My question is about my recent inability to keep a job. I have over 20 years’ experience in corporate management. I was with a great company for 9 years but lost my job when the company was sold. To this day, I have glowing references from the owners and other managers. Since I was laid off a few years ago, I have been fired from 6 different jobs and I can’t understand why. They never give me reasons and when I ask, they make excuses.
I was also diagnosed with PTSD and have been in treatment for that, but I know my job inside and out and perform well. The one thing I have noticed is that I feel fearful when I’m being confronted in an unfriendly or angry manner. I seem to have the fight, flight, or freeze response and my brain shuts down — I freeze. I don’t always have the words I need, so I often request a follow-up meeting so I have time to gather my thoughts.
I really need some help with this situation, as well as how to craft my resume. I can’t put 6 different jobs for the past 5 years. I am a dedicated, loyal employee. I always make sure deadlines are met and, with all my experience, I run my department like a well-oiled machine and deliver results in a timely way. I hope this is something you can help me with. Thank you kindly for any help you may be able to provide.
Am I going out on a limb if I guess that you didn’t always have these problems during your long, otherwise successful career? Perhaps you just never needed to learn how to defend yourself effectively. But business has changed – and not always for the better. Now you need new tools for dealing with complex emotions.

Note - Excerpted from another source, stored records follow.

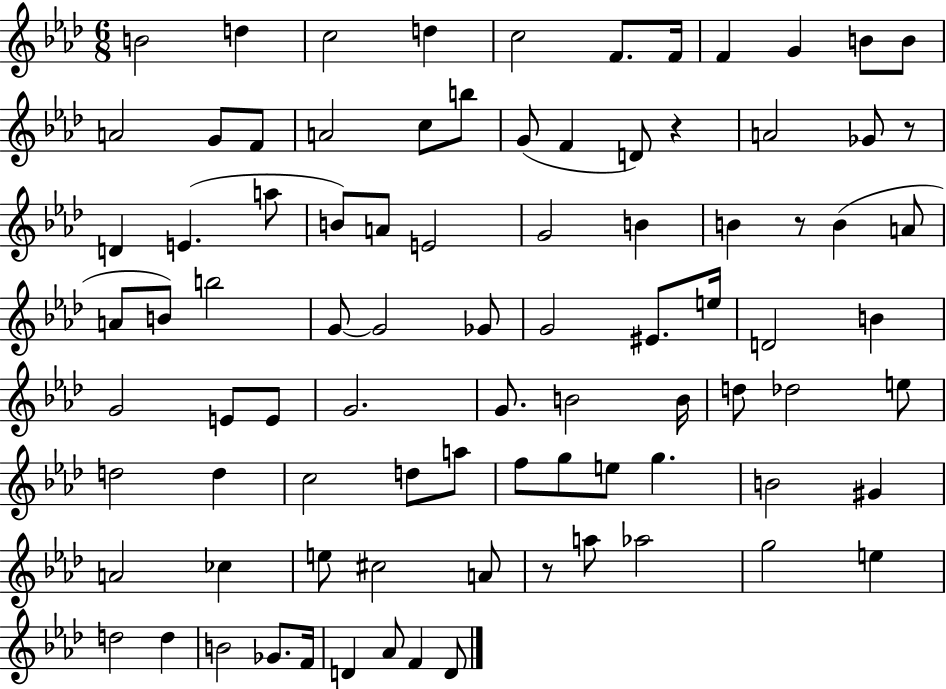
{
  \clef treble
  \numericTimeSignature
  \time 6/8
  \key aes \major
  b'2 d''4 | c''2 d''4 | c''2 f'8. f'16 | f'4 g'4 b'8 b'8 | \break a'2 g'8 f'8 | a'2 c''8 b''8 | g'8( f'4 d'8) r4 | a'2 ges'8 r8 | \break d'4 e'4.( a''8 | b'8) a'8 e'2 | g'2 b'4 | b'4 r8 b'4( a'8 | \break a'8 b'8) b''2 | g'8~~ g'2 ges'8 | g'2 eis'8. e''16 | d'2 b'4 | \break g'2 e'8 e'8 | g'2. | g'8. b'2 b'16 | d''8 des''2 e''8 | \break d''2 d''4 | c''2 d''8 a''8 | f''8 g''8 e''8 g''4. | b'2 gis'4 | \break a'2 ces''4 | e''8 cis''2 a'8 | r8 a''8 aes''2 | g''2 e''4 | \break d''2 d''4 | b'2 ges'8. f'16 | d'4 aes'8 f'4 d'8 | \bar "|."
}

Job search obstacles, or emotional challenges?
Lots of people are running kind of scared – probably including some of the employers who fired you. Many managers resort to aggressiveness and to blaming others. Couple this with a new employment system that features non-stop advertising telling employers they have instant access to thousands of resumes and job applicants – so employers see no need to treat employees with respect. Just fire them and get another one! It’s a bad situation all around.
I specialize in helping people overcome obstacles in the job search. And even though I have an advanced degree in Psychology, it’s not in clinical – it’s in cognition. I don’t pretend I’m qualified to help people who have problems like yours.
Fight, flight or freeze – that’s a set of emotional issues, and many people face them. It seems clear to me you’re good at your work and good at working with others when they behave properly. Dealing with jerks is another story altogether!
Fired and ready for CBT?
Although an honest self-assessment can be healthy, I think your challenge is learning how to cope with difficult people and situations. Behaving professionally is a lost skill because, well, workers are fungible. Bad behavior is now the norm. Just look at our politics.
We all face difficult bosses at some time or other. It seems some of your recent bosses have triggered your stress response.
Have you talked with your PTSD therapist about this? I’m a fan of cognitive behavioral therapies (CBT) for dealing with many problems at work. Learning to change and control our behaviors can lead to wonderful changes in how we see the world and ourselves. Please consider and perhaps explore CBT. Interview some good practitioners and see if it’s a good fit for you.
Fired: Time to get personal
The only advice I’d offer you is, don’t rely on job postings and impersonal job applications. Please read some of my recent Q&A columns. I think the best way for you to find your next job is by cultivating and using good personal contacts – people who can explain to a hiring manager your strengths and abilities, and also put the manager’s mind at rest about your recent frequent moves. Opportunities where this doesn’t work are probably not for you. You need a good employer who will let you do your job, not abuse you. Good employers respond well to referrals from trusted personal contacts. It’s up to you to cultivate such contacts and use them to get in the door.
As for how to handle being fired, please check these two articles and the excellent comments posted by readers.
Keep an untroubled spirit and get help
I’d be glad to schedule an hour of Talk to Nick for you – we’d probably come up with some things you could do to make a material difference in your job search. But I think it’s more important for you to get help with how to deal with jerks. A good CBT therapist could help you cope better. I’ll recommend an oldie-but-goody book by Richard Farson: Management of The Absurd. It’s a quick, illuminating read.
I hope something I’ve said is helpful. Please check the comments and suggestions from other readers that will likely appear below this column. I’m betting lots of other readers have faced challenges like yours.
I’ll leave you with a favorite quote from Marcus Aurelius: “The first rule is to keep an untroubled spirit. The second is to look things in the face and know them for what they are.“
It seems you face your problems and know what they are. But as you tackle them, learn to apply the first rule more often. I know the business world makes that difficult. Getting some good help to learn how to deal with the stress is essential. I wish you the best!
Have you faced emotional crises at work? Have you been abused to the point where you’ve lost your confidence? There’s big abuse, there’s small abuse, but it all makes for a difficult work life. Sometimes we all need help. What kind of help has worked for you? What advice would you offer this reader?